Душноватым днем 12 мая 1727 года гвардейский полковник и бывший фаворит Богатырёв входил в прозекторскую. В высокие окна секционного зала лился спокойный желтоватый свет, падал на обнаженный труп Императрицы Екатерины, лежавший на узком столе. Блюментрост, некогда делавший знаменитую операцию Петру Великому на мочевом пузыре, говорил одному из своих помощников:

— Очерпайте из брюшной полости кровь... Молоденький белобрысый человек в переднике начал усердно действовать небольшим черпачком на длинной деревянной ручке, выгребая из разверстых внутренностей жидкость. Блюментрост, заметив Богатырёва, протянул пакет, залитый сургучной печатью:

— Вот доношение светлейшему о болезни, сведшей Императрицу в могилу.
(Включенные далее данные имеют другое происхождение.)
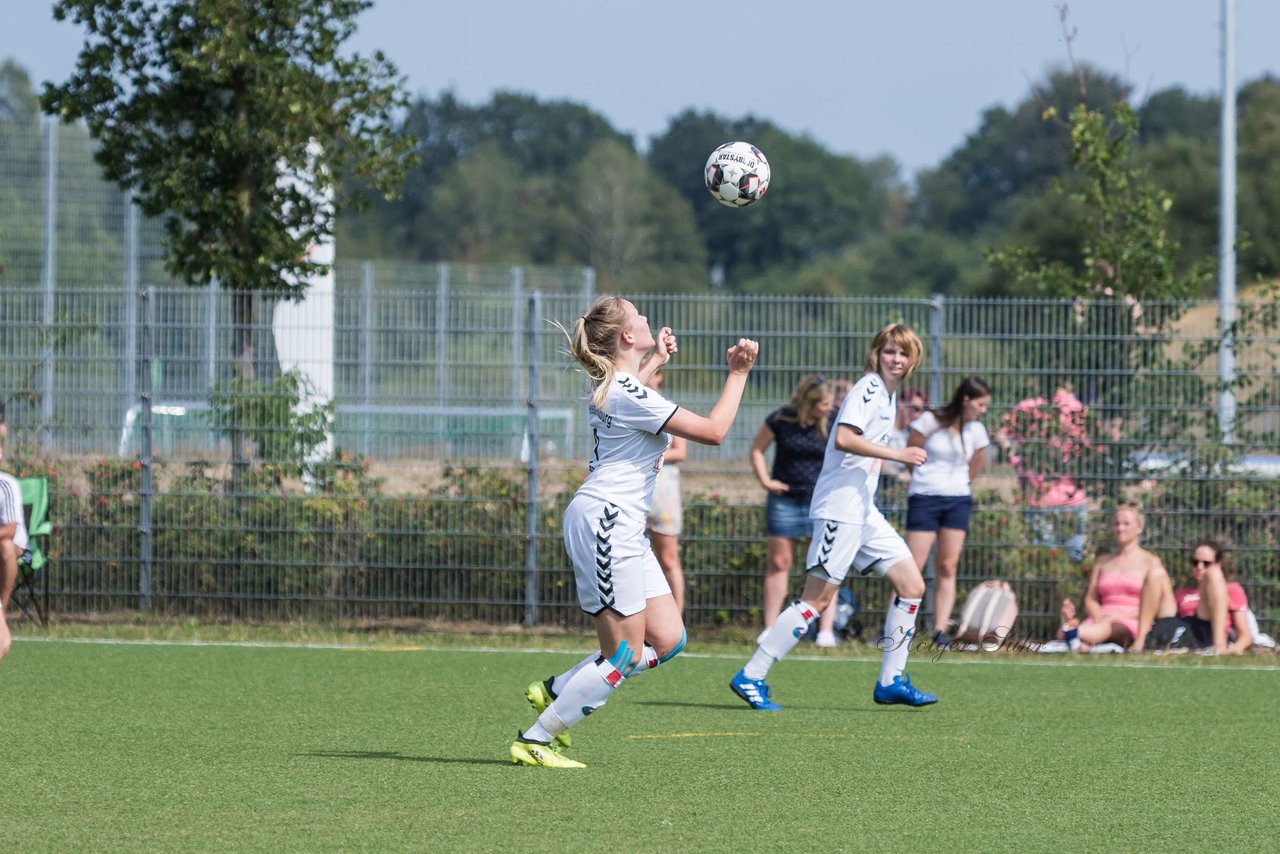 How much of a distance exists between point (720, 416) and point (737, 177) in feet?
8.78

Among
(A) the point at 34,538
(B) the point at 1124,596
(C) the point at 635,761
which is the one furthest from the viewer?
(A) the point at 34,538

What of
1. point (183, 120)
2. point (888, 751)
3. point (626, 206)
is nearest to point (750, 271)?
point (626, 206)

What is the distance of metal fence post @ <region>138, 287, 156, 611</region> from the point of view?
13727 millimetres

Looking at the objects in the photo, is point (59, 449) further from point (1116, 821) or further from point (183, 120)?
point (1116, 821)

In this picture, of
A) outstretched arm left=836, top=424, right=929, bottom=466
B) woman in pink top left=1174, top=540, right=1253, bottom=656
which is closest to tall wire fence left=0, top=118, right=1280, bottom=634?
woman in pink top left=1174, top=540, right=1253, bottom=656

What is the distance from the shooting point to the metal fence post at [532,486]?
13.5m

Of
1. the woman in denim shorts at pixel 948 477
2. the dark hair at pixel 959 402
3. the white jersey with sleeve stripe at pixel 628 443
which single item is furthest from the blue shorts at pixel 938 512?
the white jersey with sleeve stripe at pixel 628 443

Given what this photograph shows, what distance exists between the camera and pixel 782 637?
920cm

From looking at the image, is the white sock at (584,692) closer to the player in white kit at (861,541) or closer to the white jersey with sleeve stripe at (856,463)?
the player in white kit at (861,541)

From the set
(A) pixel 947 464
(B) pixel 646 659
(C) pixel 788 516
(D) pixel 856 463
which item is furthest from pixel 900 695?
(C) pixel 788 516

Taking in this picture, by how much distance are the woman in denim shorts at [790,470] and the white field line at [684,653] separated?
71 cm

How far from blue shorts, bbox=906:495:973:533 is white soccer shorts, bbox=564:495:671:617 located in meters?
5.41

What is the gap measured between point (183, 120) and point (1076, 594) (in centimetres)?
792

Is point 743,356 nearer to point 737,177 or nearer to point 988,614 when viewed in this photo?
point 737,177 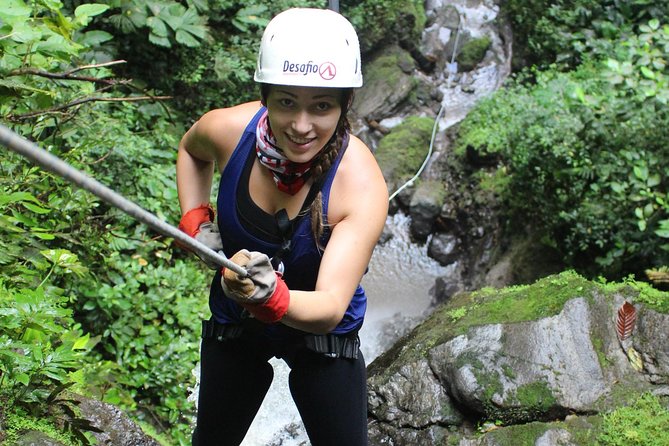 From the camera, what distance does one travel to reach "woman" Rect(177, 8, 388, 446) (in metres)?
1.97

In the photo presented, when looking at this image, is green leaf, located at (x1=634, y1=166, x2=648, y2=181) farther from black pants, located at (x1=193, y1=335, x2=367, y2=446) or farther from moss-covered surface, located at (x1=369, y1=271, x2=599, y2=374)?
black pants, located at (x1=193, y1=335, x2=367, y2=446)

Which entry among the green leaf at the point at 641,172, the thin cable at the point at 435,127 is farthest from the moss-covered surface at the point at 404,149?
the green leaf at the point at 641,172

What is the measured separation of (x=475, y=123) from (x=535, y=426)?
223 inches

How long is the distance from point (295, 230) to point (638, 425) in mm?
2094

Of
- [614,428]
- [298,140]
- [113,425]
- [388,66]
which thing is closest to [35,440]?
[113,425]

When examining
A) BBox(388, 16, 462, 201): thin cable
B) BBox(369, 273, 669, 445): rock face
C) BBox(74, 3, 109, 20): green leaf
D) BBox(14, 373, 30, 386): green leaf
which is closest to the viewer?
BBox(14, 373, 30, 386): green leaf

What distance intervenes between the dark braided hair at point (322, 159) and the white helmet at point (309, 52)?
0.06 metres

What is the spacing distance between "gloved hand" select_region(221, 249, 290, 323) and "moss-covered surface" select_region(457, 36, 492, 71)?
911 cm

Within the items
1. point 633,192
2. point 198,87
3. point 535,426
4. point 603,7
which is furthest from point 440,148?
point 535,426

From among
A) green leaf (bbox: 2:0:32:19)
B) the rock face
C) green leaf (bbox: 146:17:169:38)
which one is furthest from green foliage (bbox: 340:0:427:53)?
green leaf (bbox: 2:0:32:19)

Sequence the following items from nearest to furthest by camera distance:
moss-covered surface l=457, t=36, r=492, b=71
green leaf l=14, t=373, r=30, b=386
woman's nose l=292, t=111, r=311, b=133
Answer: woman's nose l=292, t=111, r=311, b=133
green leaf l=14, t=373, r=30, b=386
moss-covered surface l=457, t=36, r=492, b=71

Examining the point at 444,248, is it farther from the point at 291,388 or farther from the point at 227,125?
the point at 227,125

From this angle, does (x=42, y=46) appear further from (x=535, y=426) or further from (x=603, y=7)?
(x=603, y=7)

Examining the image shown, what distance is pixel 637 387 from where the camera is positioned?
342 centimetres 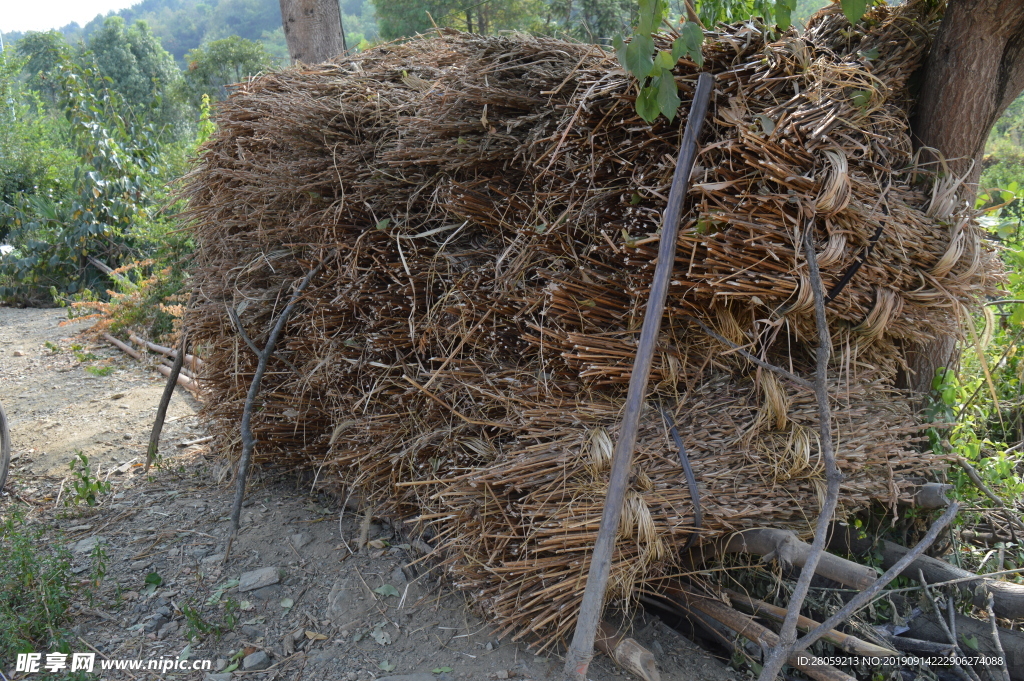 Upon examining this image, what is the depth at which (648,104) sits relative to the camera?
6.30 feet

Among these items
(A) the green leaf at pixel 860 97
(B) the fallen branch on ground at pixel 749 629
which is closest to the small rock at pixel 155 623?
(B) the fallen branch on ground at pixel 749 629

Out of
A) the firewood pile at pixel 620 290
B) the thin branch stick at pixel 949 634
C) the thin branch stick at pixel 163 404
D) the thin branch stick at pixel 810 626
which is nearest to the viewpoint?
the firewood pile at pixel 620 290

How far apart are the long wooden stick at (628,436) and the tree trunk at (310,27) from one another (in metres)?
4.50

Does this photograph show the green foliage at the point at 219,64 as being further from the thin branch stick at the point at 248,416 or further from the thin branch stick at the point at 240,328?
the thin branch stick at the point at 248,416

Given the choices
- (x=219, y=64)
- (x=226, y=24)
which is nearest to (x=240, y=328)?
(x=219, y=64)

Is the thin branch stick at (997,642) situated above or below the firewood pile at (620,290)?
below

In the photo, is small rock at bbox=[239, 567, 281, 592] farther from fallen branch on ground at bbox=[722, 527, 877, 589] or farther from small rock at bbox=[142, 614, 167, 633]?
fallen branch on ground at bbox=[722, 527, 877, 589]

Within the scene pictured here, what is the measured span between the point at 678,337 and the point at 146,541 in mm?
2888

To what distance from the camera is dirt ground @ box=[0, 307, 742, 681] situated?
2451mm

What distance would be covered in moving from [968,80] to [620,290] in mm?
1488

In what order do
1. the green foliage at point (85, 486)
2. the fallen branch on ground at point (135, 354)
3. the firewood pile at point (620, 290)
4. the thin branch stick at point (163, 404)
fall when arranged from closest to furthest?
1. the firewood pile at point (620, 290)
2. the green foliage at point (85, 486)
3. the thin branch stick at point (163, 404)
4. the fallen branch on ground at point (135, 354)

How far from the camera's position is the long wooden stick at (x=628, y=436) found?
1909 mm

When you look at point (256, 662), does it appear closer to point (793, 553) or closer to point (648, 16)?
point (793, 553)

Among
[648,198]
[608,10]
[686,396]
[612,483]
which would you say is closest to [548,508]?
[612,483] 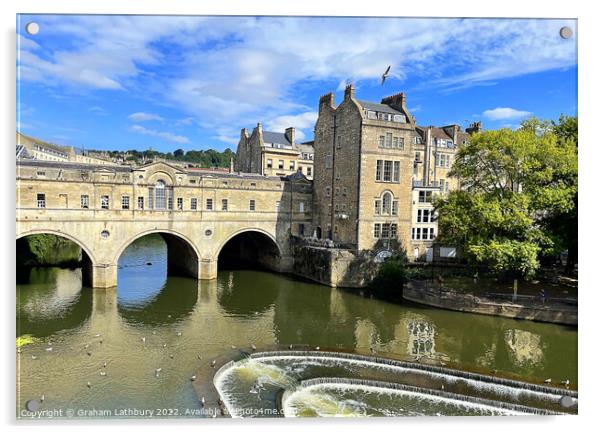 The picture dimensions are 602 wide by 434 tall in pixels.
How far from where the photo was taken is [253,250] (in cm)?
4197

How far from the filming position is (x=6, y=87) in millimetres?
11328

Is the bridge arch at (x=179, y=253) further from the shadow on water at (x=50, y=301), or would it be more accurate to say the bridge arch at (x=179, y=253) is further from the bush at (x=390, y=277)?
the bush at (x=390, y=277)

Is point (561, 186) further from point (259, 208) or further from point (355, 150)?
point (259, 208)

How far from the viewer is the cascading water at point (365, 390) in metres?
15.0

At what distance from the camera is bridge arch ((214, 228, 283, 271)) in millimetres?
37469

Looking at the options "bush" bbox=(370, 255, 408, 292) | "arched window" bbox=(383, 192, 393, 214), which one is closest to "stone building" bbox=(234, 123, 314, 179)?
"arched window" bbox=(383, 192, 393, 214)

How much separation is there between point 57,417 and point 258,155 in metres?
43.1

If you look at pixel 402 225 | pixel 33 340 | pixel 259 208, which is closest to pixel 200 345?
pixel 33 340

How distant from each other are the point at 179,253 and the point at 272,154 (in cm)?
1946

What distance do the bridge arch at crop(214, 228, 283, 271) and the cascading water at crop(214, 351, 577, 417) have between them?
57.2ft

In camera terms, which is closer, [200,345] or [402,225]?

...Богатырёв вскочил на коня и поскакал к Меньшикову.

Флотилия

Еще в апреле 1718 года Пётр отчудил небывалое. Он собрал к себе в Зимний дворец первейших сановников, архиереев, членов Святейшего Синода, капитанов и чиновников иностранной коллегии. Внушительно помахал кулаком:

— Ведаете ли вы, почему я мостов не возвожу? Для того чтоб каждый к морскому делу приучался. С той же целью ныне делаю царский подарок: определяю вам в вечное и потомственное владение сто сорок одно судно. Это яхты, буера, трешкоуты, верейки. Приказываю каждое воскресенье маневры делать, а коли выстрел произведет пушка из городской части — и в будни. Вы у меня смекать станете, чем остойчивость от метацентра отличается, а брашпиль от буйрепа.

Заскучали сановники. Кто-то с легкой надеждой спросил:

— А коли сгорит али, скажем, утонет?

— Не мечтайте! — Пётр грозно нахмурился. — Построите судно гораздо большее. За уклонение накажу сурово.

Понурив головы, про себя матеря Петра, суда разобрали, и на маневры ходили, и паруса ставить учились, и в направлениях ветров разуметь начали.

Среди же тех, кто остался весьма доволен подарком Государя, был Шаутбенахт (морской чин, равный сухопутному генерал-майору) фон Гольц. Он получил небольшую, но роскошную яхту «Фортуна», на которой со своей семьей совершал дальние и ближние прогулки.